Google online advertising remains robust, with CFO Ruth Porat said Apple’s iOS 14 privacy changes had a “modest impact on YouTube revenues.” Google’s advertising revenue rose 43% to $53.13 billion, up from $37.1 billion the same time last year and slightly higher than the prior quarter. YouTube ads rose to $7.21 billion, up from $5.04 billion a year ago. The search giant appears to be cashing in on a rebound in search traffic, especially with keywords related to retail, financial services and travel trends that are picking up globally.

Alphabet's next earnings report (for Q4 FY 2021) is estimated to be released on Feb. 2, 2022.



Amazon shares dropped more than 4% in extended trading on Thursday after the company reported weaker-than-expected results for the Q3 and delivered disappointing guidance for the critical holiday period. Driven by the unexpected pandemic-induced surge in demand for e-commerce and cloud-computing solutions, Amazon has been one of the market’s strongest winners over the last 18 months.

In its announcement of the financial results for the Q3 ended September 30, 2021, Amazon is reckoned with decelerating sales growth as consumers go back to physical stores and the company faces supply chain challenges. Net income decreased to $3.2 billion in the Q3 compared with $6.3 billion in the Q3 2020, its largest YoY decline since 2017. Earnings stands at $6.12 vs $8.92 per share expected. The company’s revenues, $110.81 billion for the quarter, were also below analysts’ expectations.

Amazon Web Services however, topped estimates, with revenue jumping 39% to $16.11 billion, while analysts expected sales of $15.48 billion. AWS generated $4.88 billion in operating income in the period, while operating profit at the parent company was just $880 million.

For the Q4, Amazon forecast net sales between $130 billion and $140 billion, representing growth between 4% and 12%. Operating income is expected to be between $0 and $3.0 billion, compared with $6.9 billion in Q4 2020. The forward guidance reflects by many factors, such as uncertainty regarding the impacts of the COVID-19 pandemic, labour market and global supply chain constraints, online commerce, and cloud services.



The multinational tech company specializes in consumer electronics, software, and services. With its line of premium products and ecosystem, the company has a very high level of brand loyalty among its millions of users worldwide. The stock is currently worth $152.57.

Apple on Thursday announced financial results for Q4 FY 2021 ended September 25, 2021 (Apple's fiscal year ends in September, meaning that this earnings report corresponds to its fiscal Q4). The company posted a mixed result, seen as a lull before the high-sales holiday end of year. Apple posted a September quarter revenue record of $83.4 billion, up 29% YoY, and quarterly EPS of $1.24, somewhat below expectations compared with analyst estimates of $84.8 billion and $1.24 per share, according to data from Refinitiv.

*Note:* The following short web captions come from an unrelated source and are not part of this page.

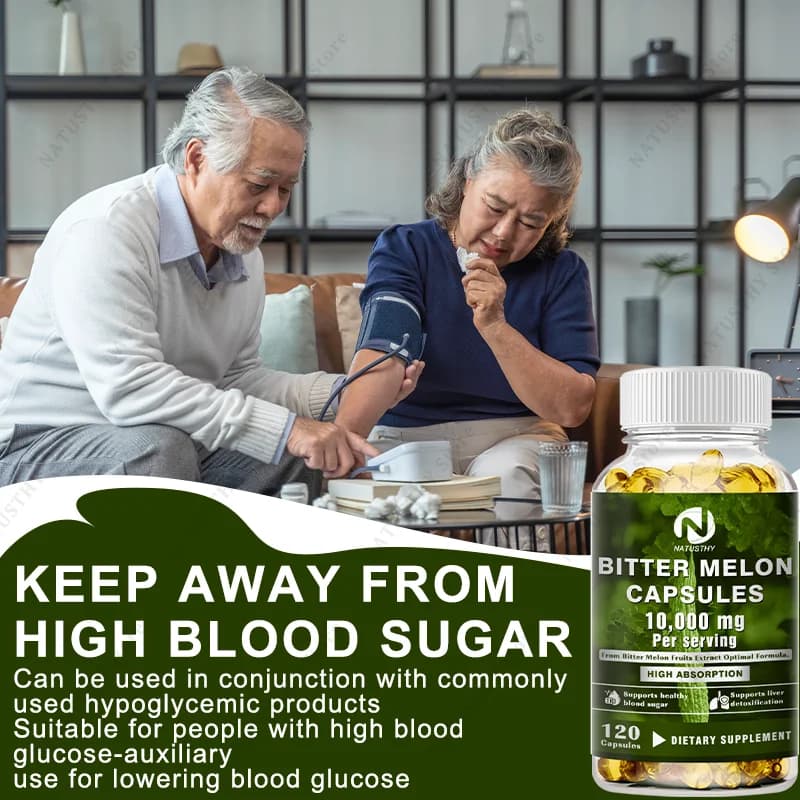 vegetarian bitter melon capsules bottle — image 4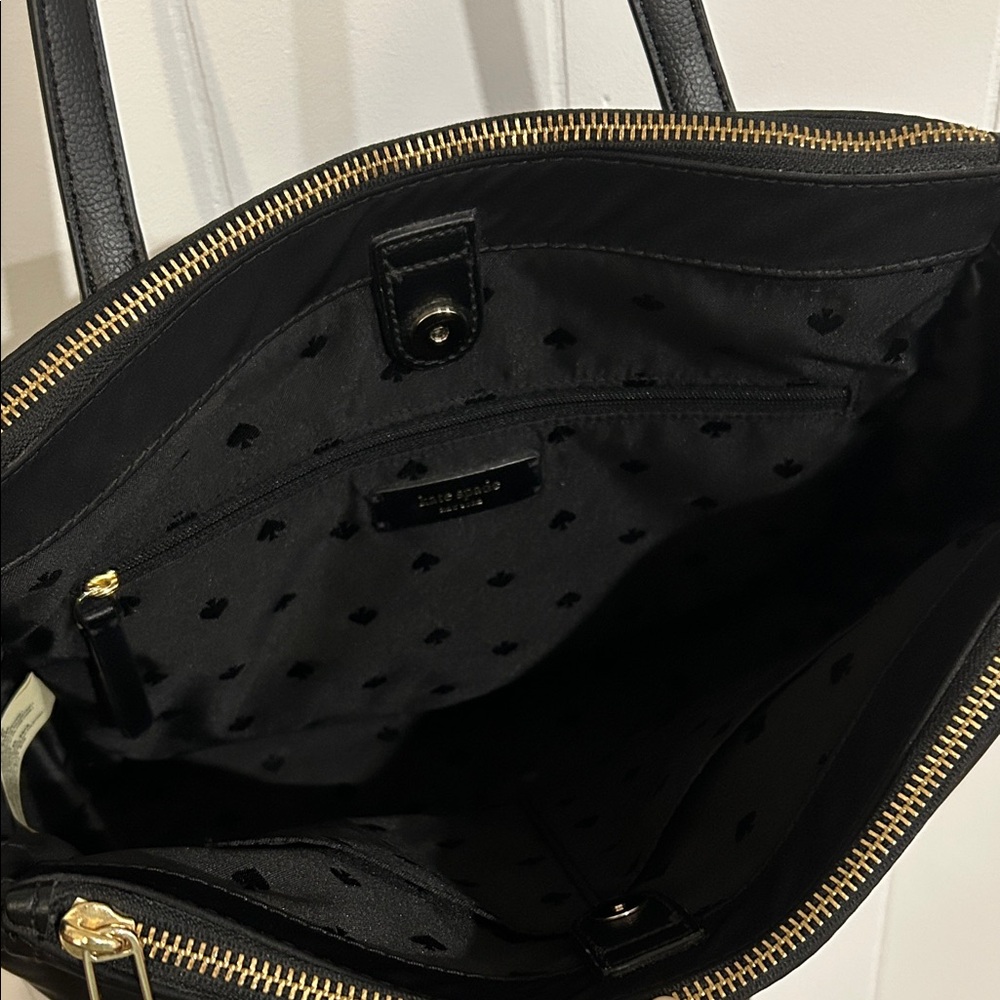 Kate Spade Triple Compartment Nylon Black Tote Bag - Picture 6 of 15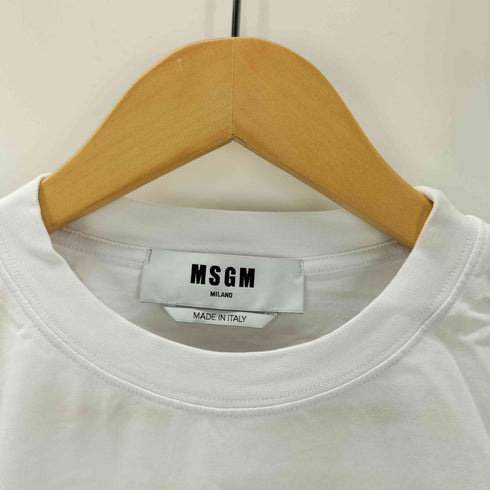 エムエスジーエム MSGM ブラッシュロゴクルーネックTシャツ レディース JPN:1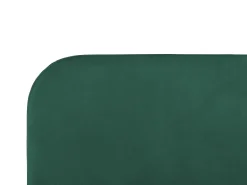 Letto Velluto FLAYAT 160 x 200 cm Verde smeraldo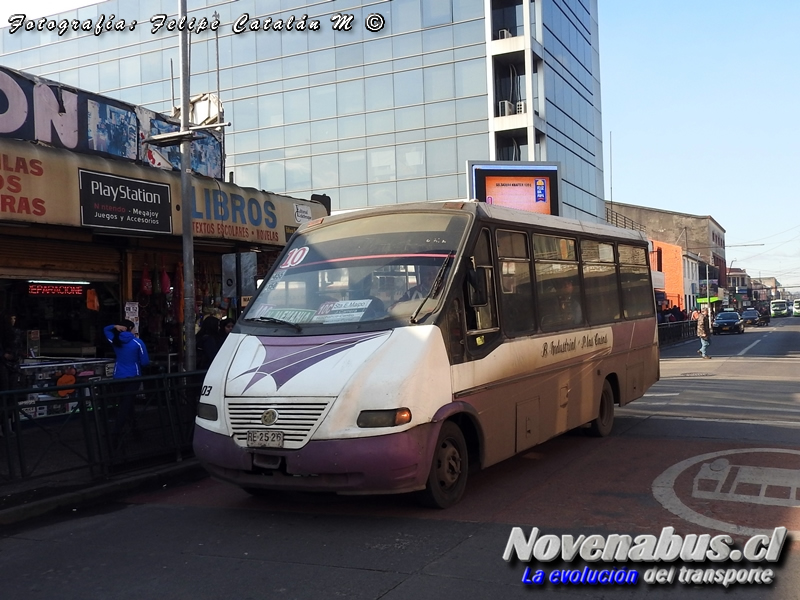 Metalpar Pucará 2000 / Mercedes-Benz LO-814 / Línea 10 Temuco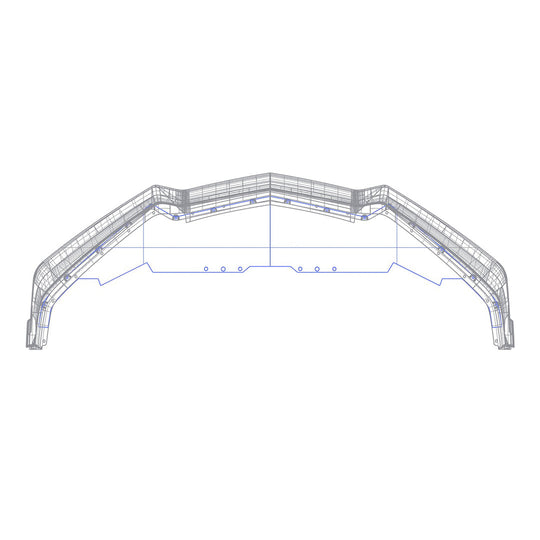 St Carbon Fiber Splitter Undertray For C8 Corvette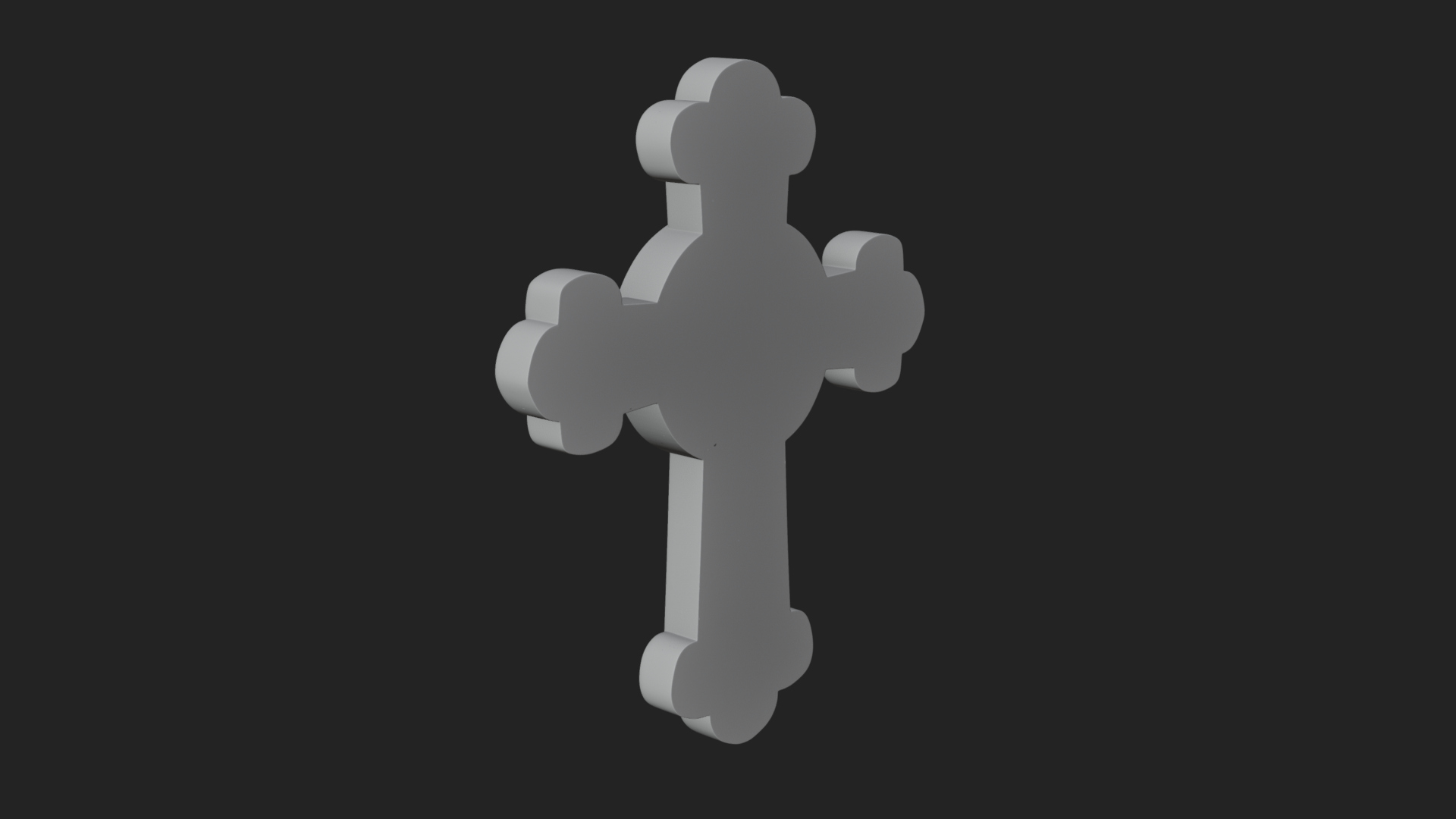 Carved Relief Wall Cross Design 382 3D Print Model 3D Model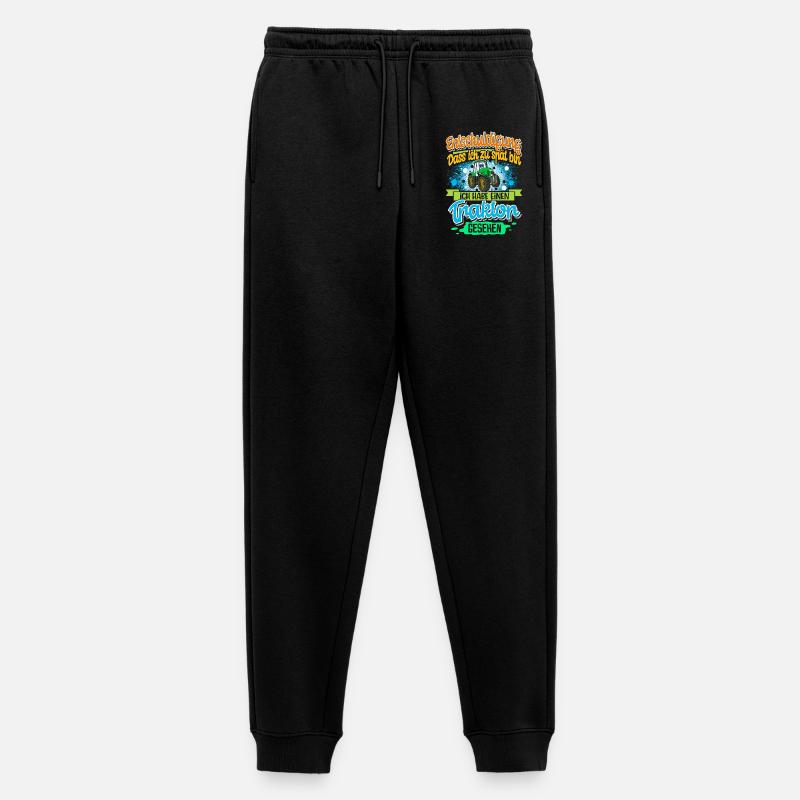Traktor Lustiger Spruch Kinder - Männer Premium Bio Jogginghose - Schwarz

Apple missed expectations in two key categories. Firstly, the Q4 iPhone sales, which came at sales of $38.9 billion, short of estimates of $41.5 billion, according to Refinitiv data. And secondly, the company's accessories segment, which contains fast-growing categories like its AirPods wireless headphones, came in at $8.8 billion, half a billion dollars lower than analyst expectations of $9.3 billion.

Other segments fared better. Sales for iPads and Macs were $8.3 billion and $9.2 billion, compared with analyst estimates of $7.2 billion and $9.2 billion.

The company's services segment - which contains its App Store business, music and video subscription services, advertising, extended warranties, and licensing – noted the strongest growth, with sales of $18.3 billion in revenue, up 26%, compared with analyst expectations of $17.6 billion. Another bright spot in the company's results were its sales in China, which were up 83% to $14.6 billion.

Shares of the California-based company, which had risen nearly 15% this year, slumped 5% in extended trading on Thursday. Apple hasn’t provided official guidance since the start of the pandemic, but Tim Cook, the CEO said Apple expects “solid year-over-year revenue growth” in the holiday-sales quarter despite the cost and supply chain challenges.